Parlando di Europa League non si può fare a meno di partire da questo fastidio che, calendario sì, calendario no, riguarda un po' tutte le squadre italiane. Noi, senza governo in Lega Serie A, in Federcalcio, con i diritti tv del campionato ceduti all'estero, con la Nazionale fuori dal Mondiale dopo sessant'anni, ci permettiamo di fare gli snob.
Dopo le parole, il fastidio nei fatti. Dal 1989 al 1999, anno in cui fu disputata l'ultima edizione - poi si fuse con la coppa delle Coppe - le squadre italiane vinsero otto volte la coppa Uefa, con cinque finali-derby, e atre due finaliste. Un dominio assoluto. Certo, andavamo forte anche nella coppa dei Campioni-Champions League. Andavamo forte in tutto, dando calci al pallone.
Però nella competizione maggiore, nel Terzo Millennio, qualcosa abbiamo raccolto: una finale fratricida tra Milan (coppa ai rigori) e Juventus nel 2003, i successi di Milan (2007) e Inter (2010) e le finali dei rossoneri (2005) e della Juventus (2015, 2017). Insomma, malgrado gli evidenti problemi del sistema calcio Italia, ci siamo applicati di più.
Nell'Europa League neanche una finale. E rare apparizioni in semifinale di Fiorentina (2 volte), Napoli (una) e Juventus (una). Gli scarsi risultati in Europa League hanno contribuito a farci retrocedere nel ranking.

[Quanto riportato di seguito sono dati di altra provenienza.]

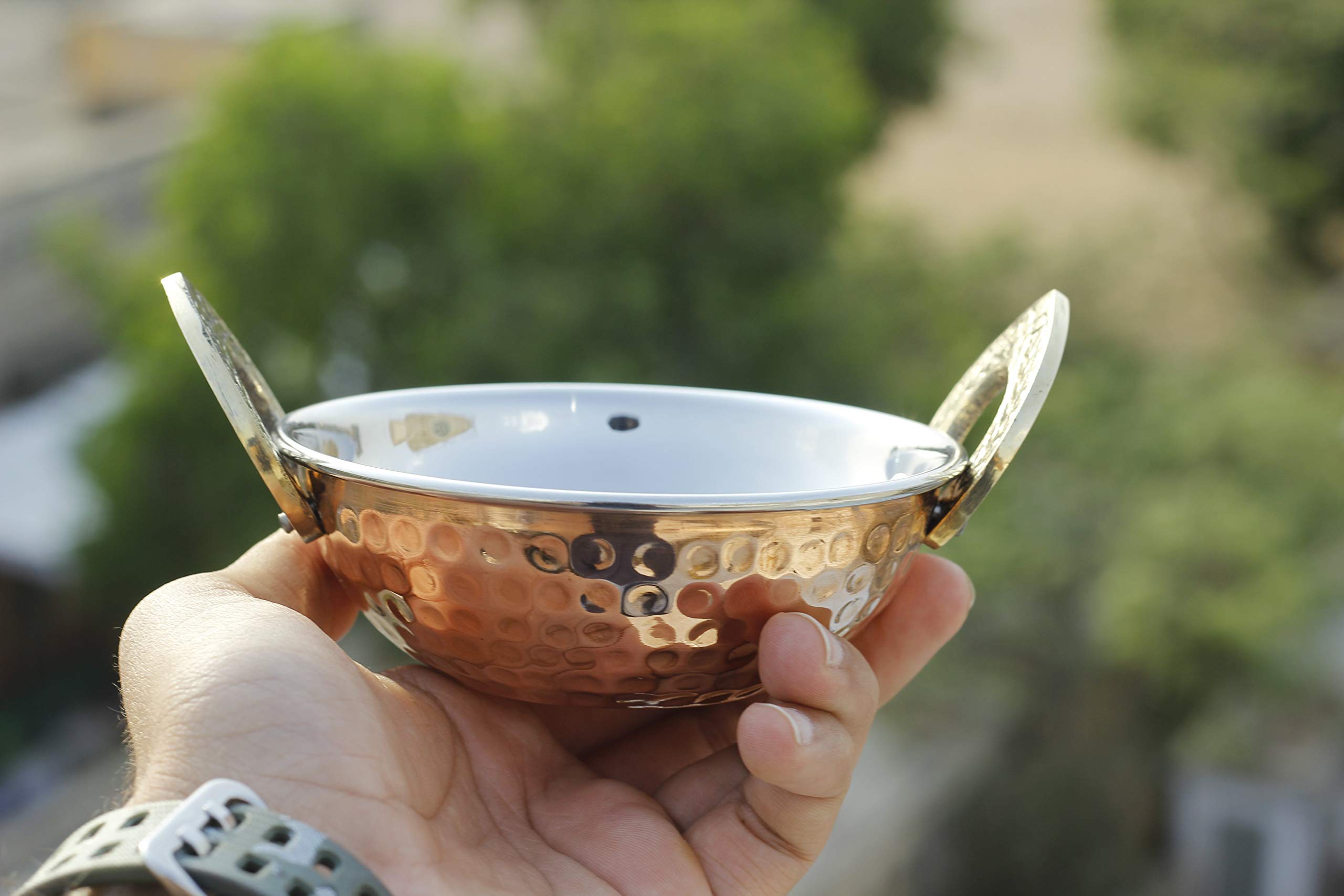 IndianArtVilla Hammered Steel Copper Kadhai Wok Bowl – 12 oz Traditional Indian Cooking Pot for Stir Fry, Serving Dishes & Tableware – Perfect for Home Cooking, Restaurant Use & Cultural Cuisine Preparation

Il Napoli, la squadra più forte del gruppo - viene dalla Champions, domina il campionato - non lo dice apertamente, ma dalle parole di Sarri, dal turnover largo e inusuale (oltretutto Mertens è squalificato e Callejon sarà centravanti) e dal poco calore del popolo, si capisce che considera tutta la faccenda una scocciatura, un agguato sulla via dello scudetto.
La nostra sudditanza la conferma Rino Gattuso, senza Kalinic a Razgrad: «Negli ultimi anni il Ludogorets è stato in Europa più del Milan». Per la Lazio, Simone Inzaghi prepara molti avvicendamenti a casa della Steaua Bucarest: «Vogliamo riprenderci da questo periodo negativo». Europa League terapeutica.
Meno male che c'è la bella incoscienza dell'Atalanta, che entra, accompagnata da 5.000 tifosi, nella tana del Borussia Dortmund, il Westfalenstadion ribattezzato, sponsor imperat, Signal Iduna Park. Speriamo di rivedere la grinta che ha permesso ai Gasperini Boys di maramaldeggiare con Everton e Lione.
Dice il tecnico: «Una grande esperienza, avremmo voluto un avversario più morbido ma non c'è gloria senza pericolo. Cercheremo di capire fino a che punto possiamo arrivare». Chapeau. Snobbare l'Europa League avvelena anche chi non la fa. Non fatelo.